#### Exercise material ####

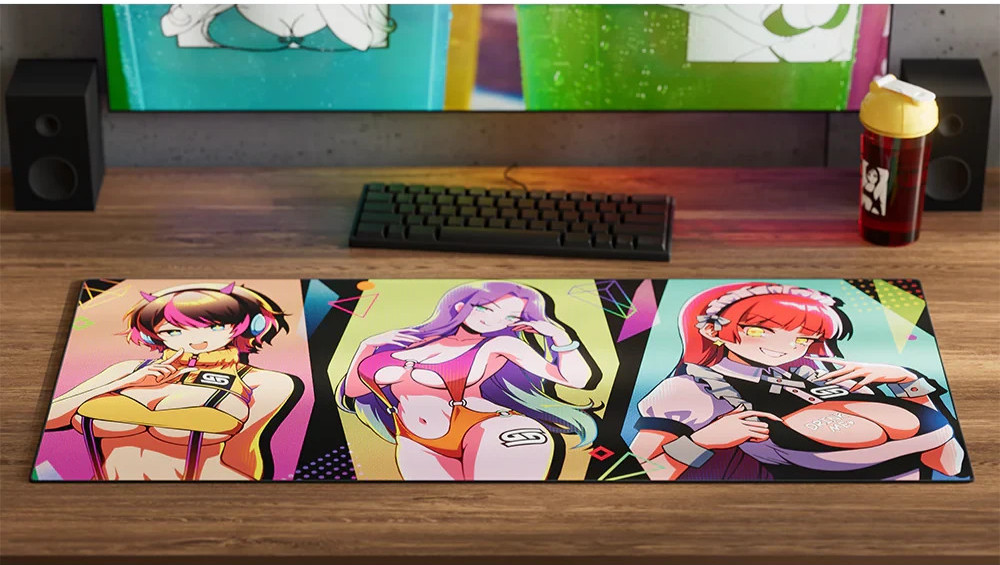 NEW Gamersupps GG SEASON 3 Mouse Pad Limited Edition Ultra Rare Collectible
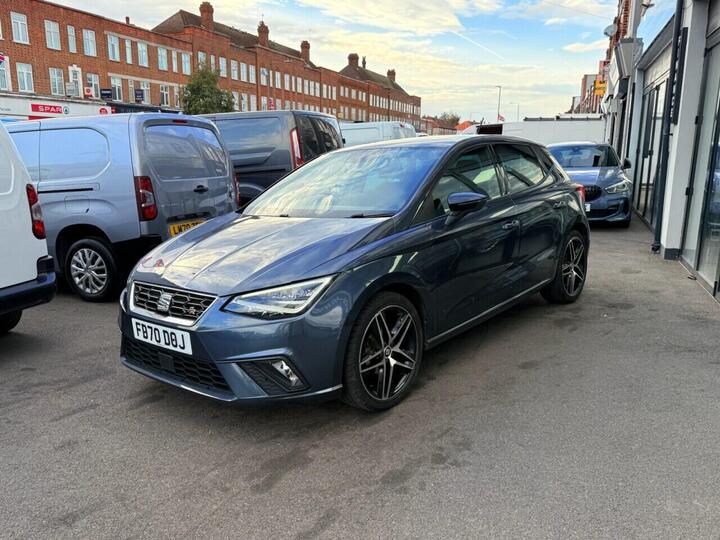 SEAT IBIZA 1.0 MPI FR Sport Euro 6 (s/s) 5dr GPF
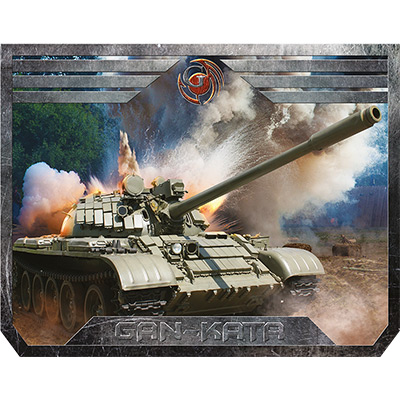 Mouse pad PGK-07 Tank main photo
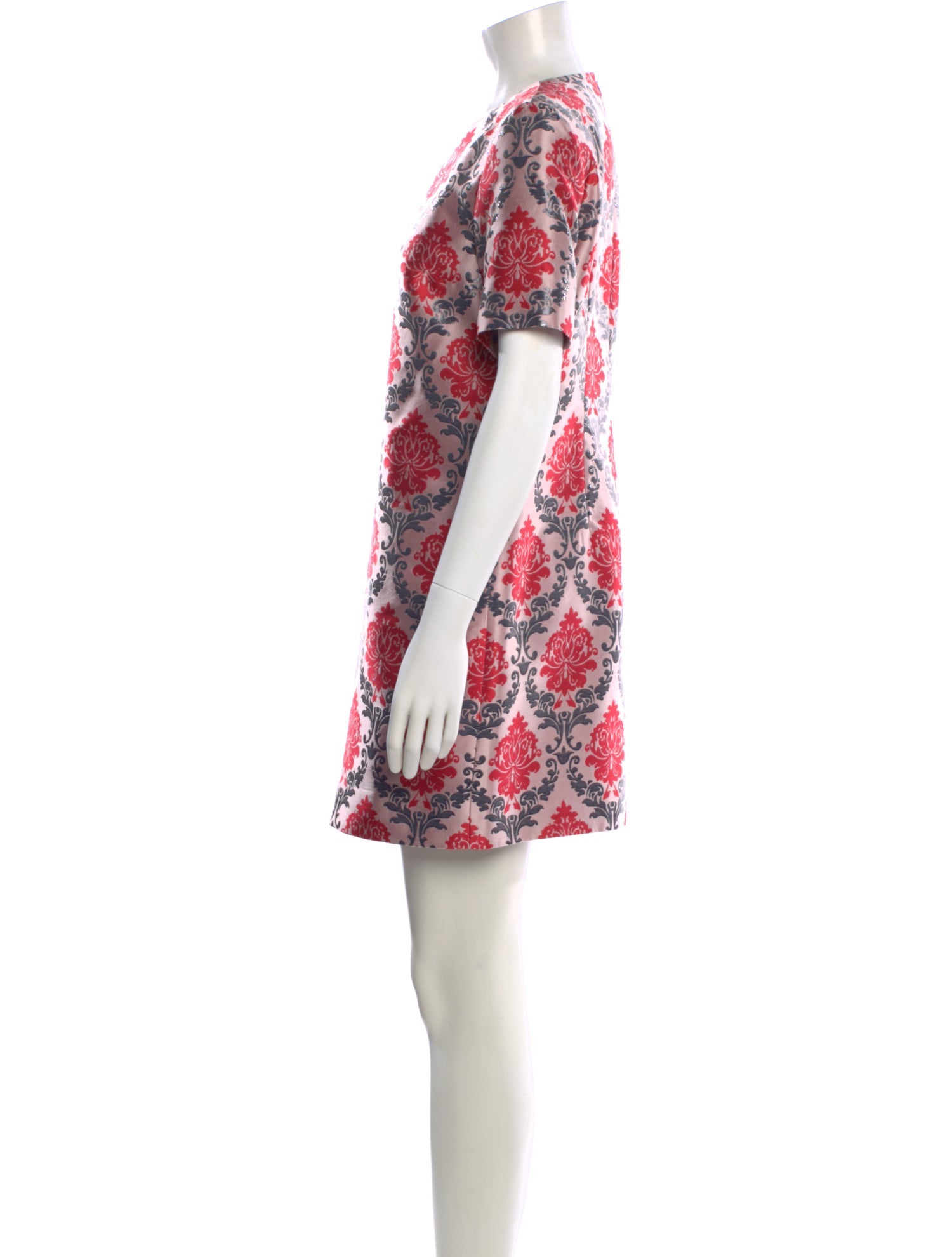 Mary Katrantzou Floral Print Mini Dress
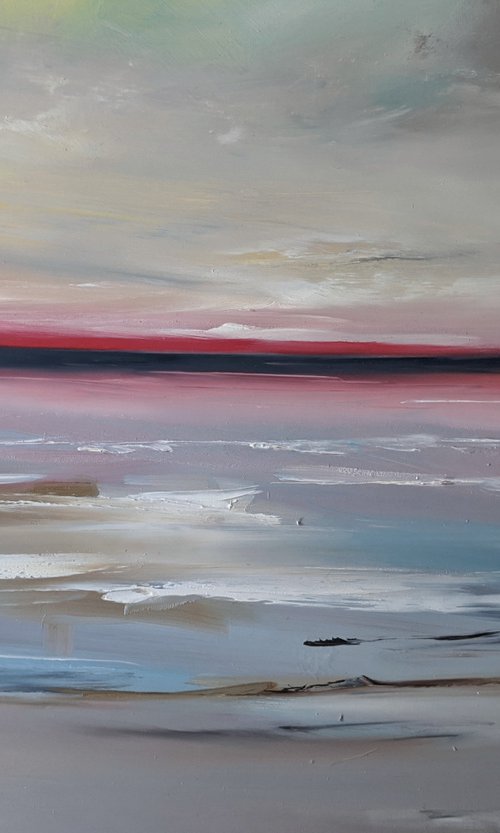 Sunset walks #2 by Jo Earl
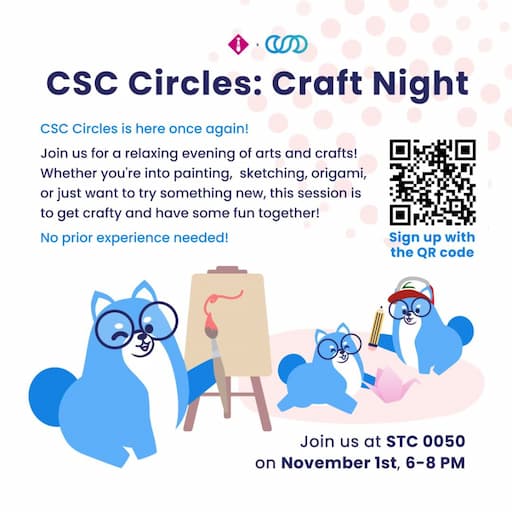 CSC Circles: Craft Night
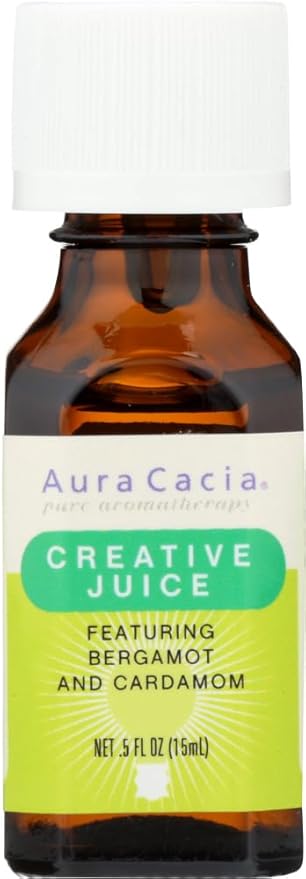 AURA CACIA ESS SOLCREATIVE JUICE .5 FZ12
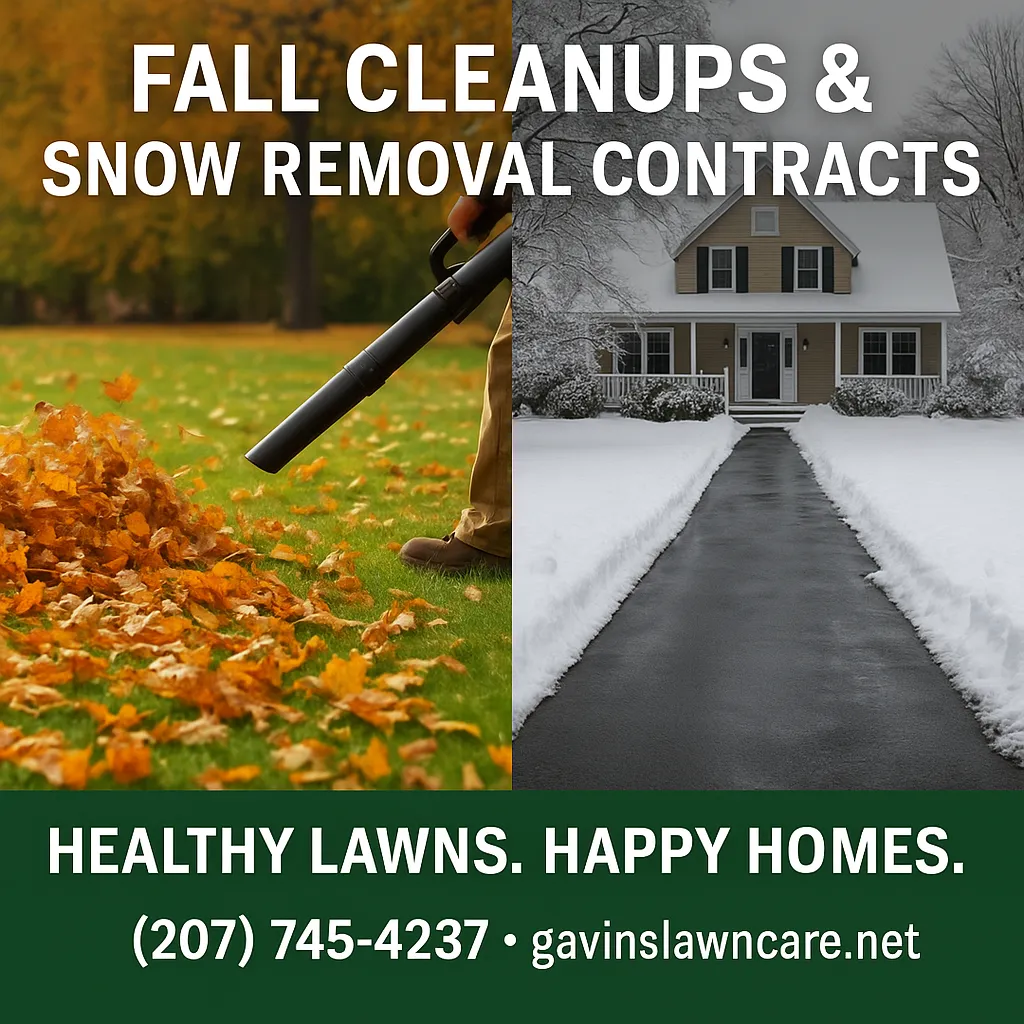 Fall Cleanups & Early Snow Removal Contracts: Why Acting Now Pays Off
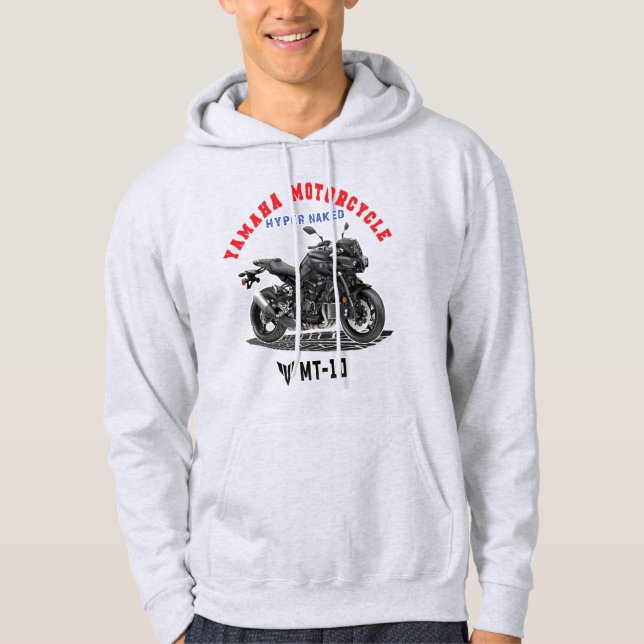 Sudadera Camisa-camiseta de Personalizado YAMAHA MT-10 (Anverso)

####

→ Your instructions
The whole listing above, minus its pictures, is what you should write out word for word.

→ Solution for this problem
 NEW Gamersupps GG SEASON 3 Mouse Pad Limited Edition Ultra Rare Collectible
 SEAT IBIZA 1.0 MPI FR Sport Euro 6 (s/s) 5dr GPF
 Mouse pad PGK-07 Tank main photo
 Mary Katrantzou Floral Print Mini Dress
 Sunset walks #2 by Jo Earl
 CSC Circles: Craft Night
 AURA CACIA ESS SOLCREATIVE JUICE .5 FZ12
 Fall Cleanups & Early Snow Removal Contracts: Why Acting Now Pays Off
 Sudadera Camisa-camiseta de Personalizado YAMAHA MT-10 (Anverso)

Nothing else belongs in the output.